(Scraped caption text data)
○ ○ ○ ○

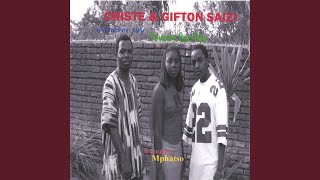 Download Lagu Sanamvere MP3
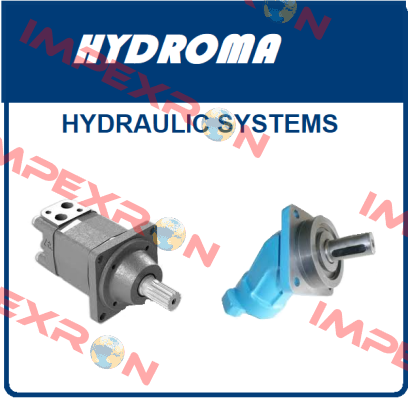 10105 HYDROMA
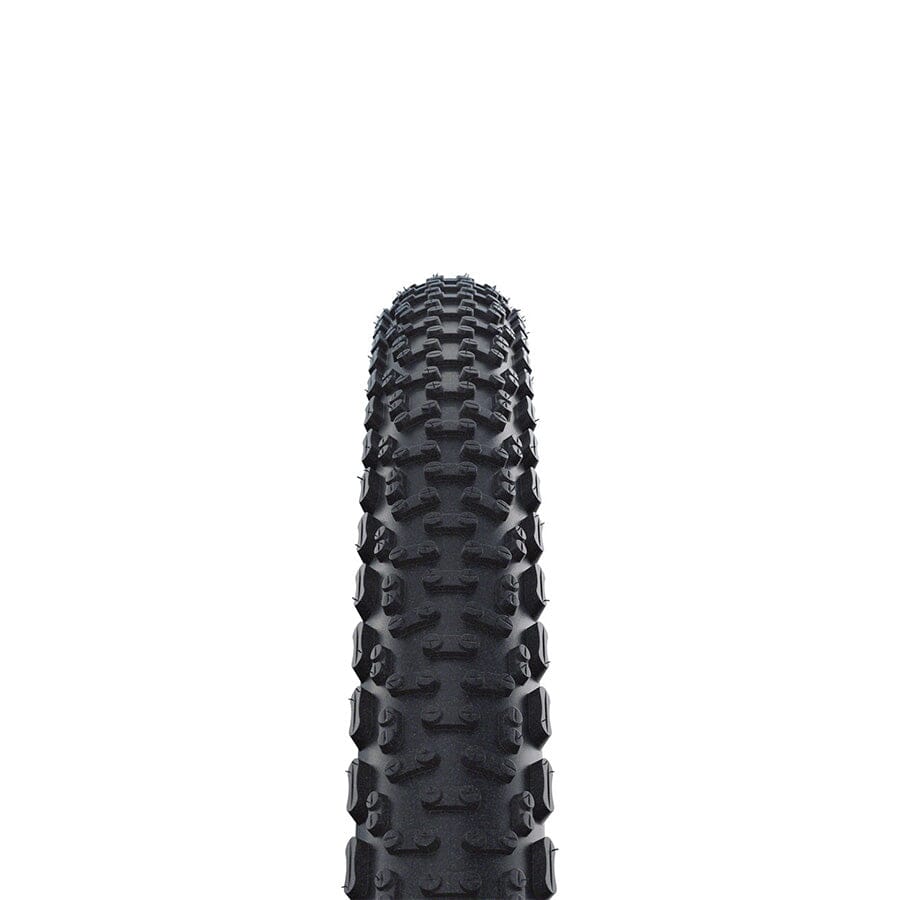 Schwalbe G-One Ultrabite Tire | Contender Bicycles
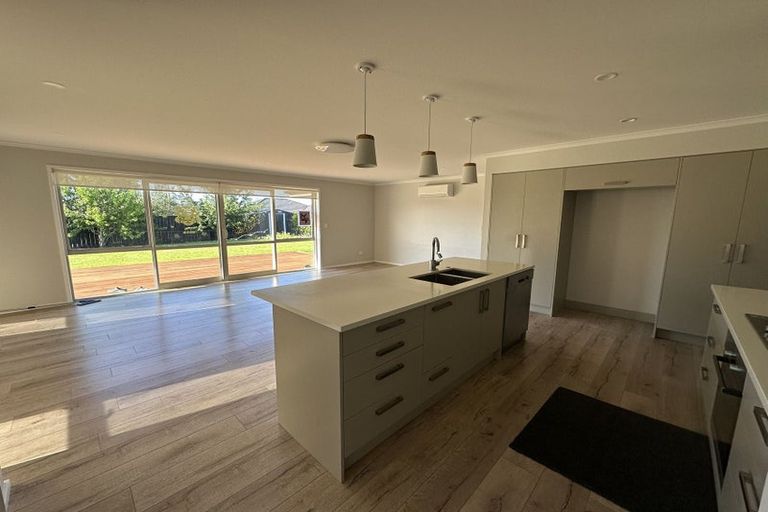 Photo of property in 2 Beaumaris Place, Dinsdale, Hamilton, 3204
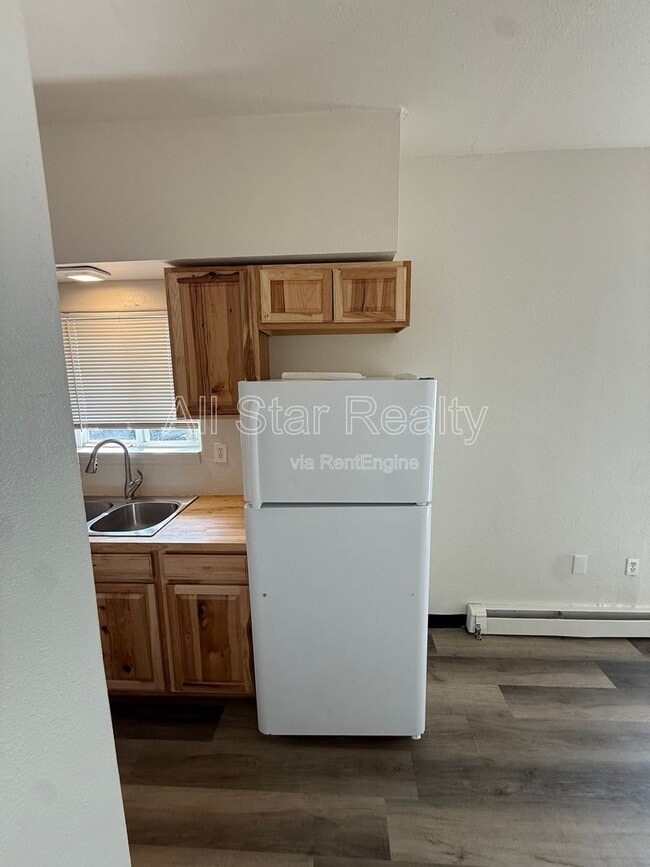 Photo - 3901 Northwood Dr Unit 8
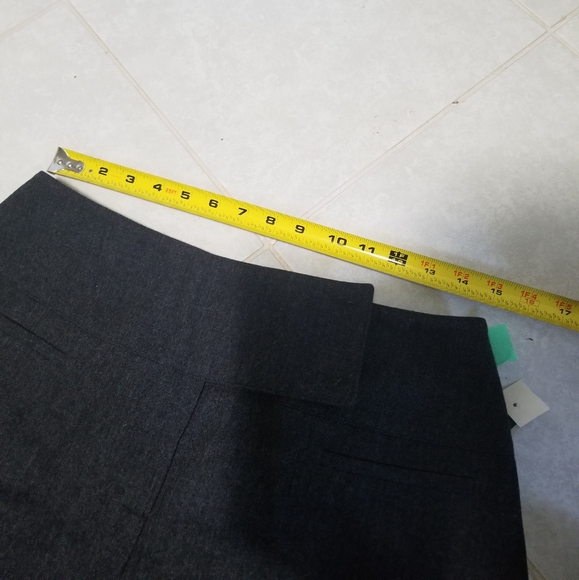 Harvé Bernard pants - Picture 5 of 5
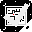 Map Select icon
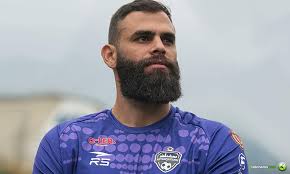 Alfredo Coronis 🦈🏆👑🌴 (@alfredocoronis) on Twitter photo En la ronda regular Metropolitanos hizo muchos goles, pero también recibió demasiados
Ahora, con <a href="/Jhonchancellor/">Jhon Chancellor</a> recuperado suman tres arcos en cero consecutivos por <a href="/LigaFUTVE/">Liga Banco de Venezuela</a> (dos triunfos y un empate), más la trepidante victoria 2-3 ante Academia.
Jerarquía En la ronda regular Metropolitanos hizo muchos goles, pero también recibió demasiados
Ahora, con <a href="/Jhonchancellor/">Jhon Chancellor</a> recuperado suman tres arcos en cero consecutivos por <a href="/LigaFUTVE/">Liga Banco de Venezuela</a> (dos triunfos y un empate), más la trepidante victoria 2-3 ante Academia.
Jerarquía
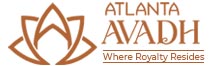 Atlanta Avadh Shahad | Price,Location,Review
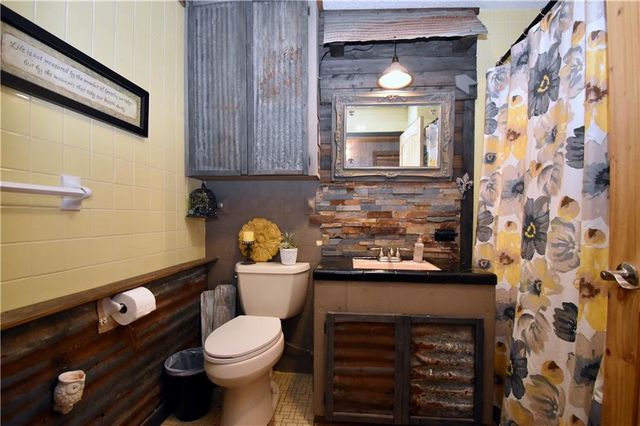 43 WHITTINGTON Drive, Pineville, LA 71360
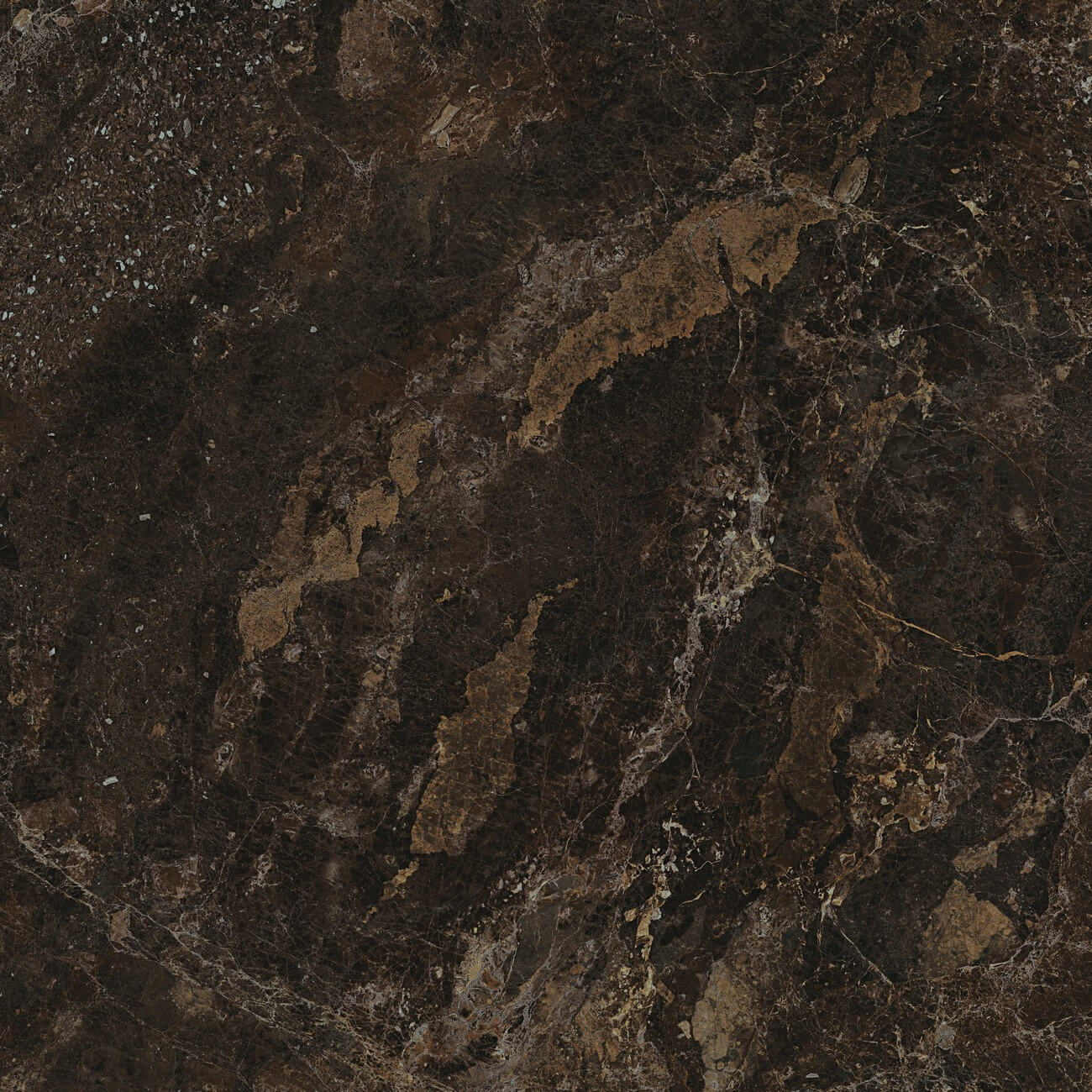 Виктори Дарк 80 Шлиф(80X80 ..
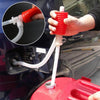 Pompa Manuala pentru extractie Combustibil sau alte lichide, AMIO-0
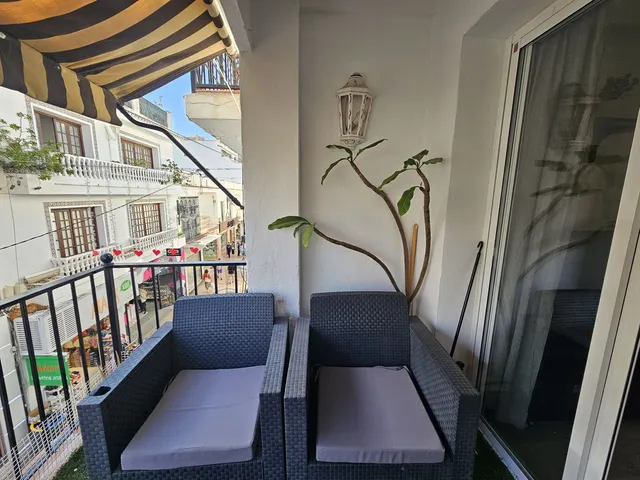 Apartamento 3 habitaciones 91m² en venta - Centro — 9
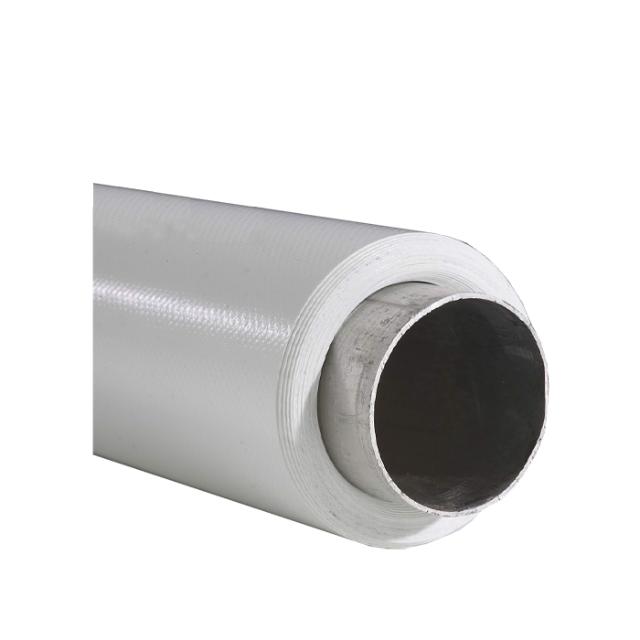 LASTOLITE SUPERWHITE VINYL BACKGROUND 2,75  X 6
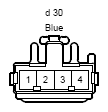 G10273848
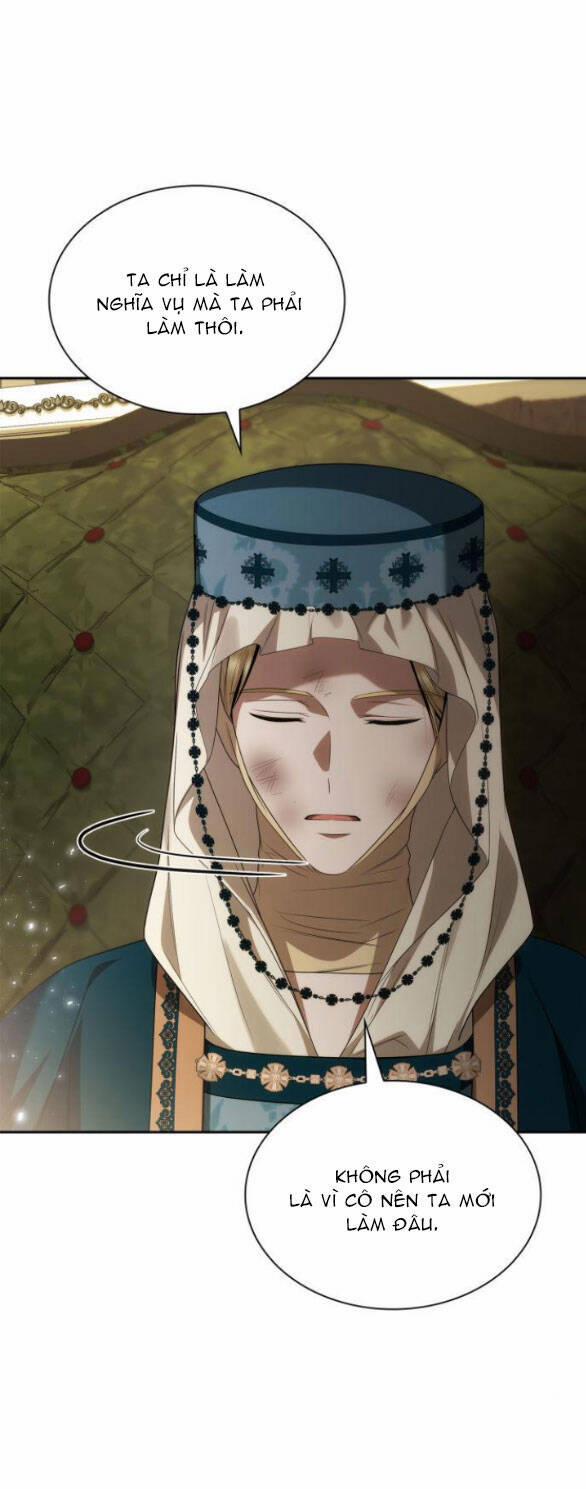 Chị Gái À, Kiếp Này Em Chính Là Nữ Hoàng 94.2 trang 29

○ ○ ○ ○

◆ About this task
What I need is every record written out exactly, minus the pictures.

◆ Your response
 Download Lagu Sanamvere MP3
 10105 HYDROMA
 Schwalbe G-One Ultrabite Tire | Contender Bicycles
 Photo of property in 2 Beaumaris Place, Dinsdale, Hamilton, 3204
 Photo - 3901 Northwood Dr Unit 8
 Harvé Bernard pants - Picture 5 of 5
 Map Select icon
 Alfredo Coronis 🦈🏆👑🌴 (@alfredocoronis) on Twitter photo En la ronda regular Metropolitanos hizo muchos goles, pero también recibió demasiados
Ahora, con <a href="/Jhonchancellor/">Jhon Chancellor</a> recuperado suman tres arcos en cero consecutivos por <a href="/LigaFUTVE/">Liga Banco de Venezuela</a> (dos triunfos y un empate), más la trepidante victoria 2-3 ante Academia.
Jerarquía En la ronda regular Metropolitanos hizo muchos goles, pero también recibió demasiados
Ahora, con <a href="/Jhonchancellor/">Jhon Chancellor</a> recuperado suman tres arcos en cero consecutivos por <a href="/LigaFUTVE/">Liga Banco de Venezuela</a> (dos triunfos y un empate), más la trepidante victoria 2-3 ante Academia.
Jerarquía
 Atlanta Avadh Shahad | Price,Location,Review
 43 WHITTINGTON Drive, Pineville, LA 71360
 Виктори Дарк 80 Шлиф(80X80 ..
 Pompa Manuala pentru extractie Combustibil sau alte lichide, AMIO-0
 Apartamento 3 habitaciones 91m² en venta - Centro — 9
 LASTOLITE SUPERWHITE VINYL BACKGROUND 2,75  X 6
 G10273848
 Chị Gái À, Kiếp Này Em Chính Là Nữ Hoàng 94.2 trang 29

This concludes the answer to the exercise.